The greater gods received their offerings from the priestly families of the clans and tribes. The knowledge of the correct ritual procedures and hyms, the right to conduct sacrifices and receive a portion of the offerings, were the property of particular families and were passed down from father to son. The steppe peoples built no temples. Their sacrifices were made in temporary enclosures, aligned along an east-west axis. The sky gods received offerings on rectangular or square altars facing east; the terrestrial powers received their sacrifices on round altars facing west. The enclosure surrounding the altars was usually rectangular, but occasionally oval. It was made by cutting concentric lines in the soil or turf. Each sacrifice was a recreation of the world. In the mythos of the Indo-Europeans there had been three primal beings: "Man" (*Manu), "Twin" (*Yema), and "Shaper" (*Tvastr). Man, the first priest, had sacrificed Twin, the first king. Shaper, the first artisan, had created the world from the body of Twin. His flesh became the soil, his bones the stones, his breath the wind, his blood the waters, his vital energy fire, his eye the son, his mind the moon, and his skull the vault of heaven. Whenever a priest sacrificed, he was recreating the primal sacrifice, renewing the cosmic and social order. All those who participated in the sacrifice were acknowledging their common descent and kinship, for it was believed that the first human couple had sprung up from the seed of Twin, spilled on the ground when he died. Each birth was a bringing together of the primal elements, a recreation of Twin. Each death was a recreation of the original dismemberment.
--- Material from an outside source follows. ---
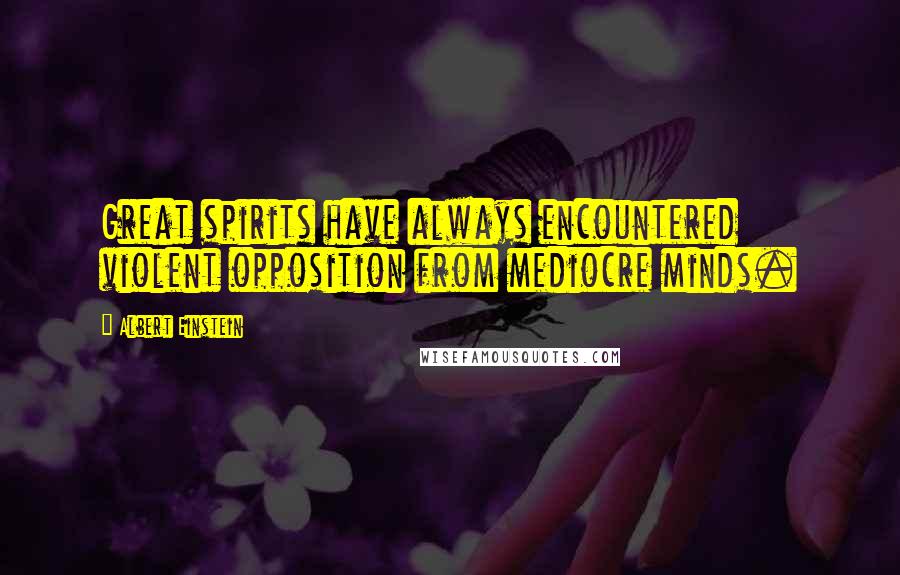 Albert Einstein Quotes: Great spirits have always encountered violent opposition from mediocre minds.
There is reasonably certain linguistic evidence that the Indo-Europeans worshipped a Sky-Father or Bright Father, whose name survives in the Latin Jupiter and Sanskrit Dyaus-pita, and in a more abbreviated form, Greek Zeus and Norse Týr. Dumézil theorizes a double sky-rulership, in which the Bright Father governed human law, social mores, the day, light and summer, while his counterpart, the "Seer", represented cosmic law, ancestral custom, the powers of magic, of night, and of darkness; the possibility of this set-up is spoken of further under "Tiw". The Indo-Europeans probably knew a Storm Lord, the god who brought the life-giving rain and snows, who was also been the warrior god who protected the herds and the people from enemies. The great enemy of the Storm Lord was the "Dragon". This was a terrible serpent-like creature who swooped down out of the sky during stormy weather and devastated the land before being bested by the Storm Lord. To any resident of the American prairies, the "dragon" is instantly recognisable as a tornado: it was only when the Indo-Europeans left the steppes and moved into areas with less violent weather that the "dragon" developed into a mythical beast.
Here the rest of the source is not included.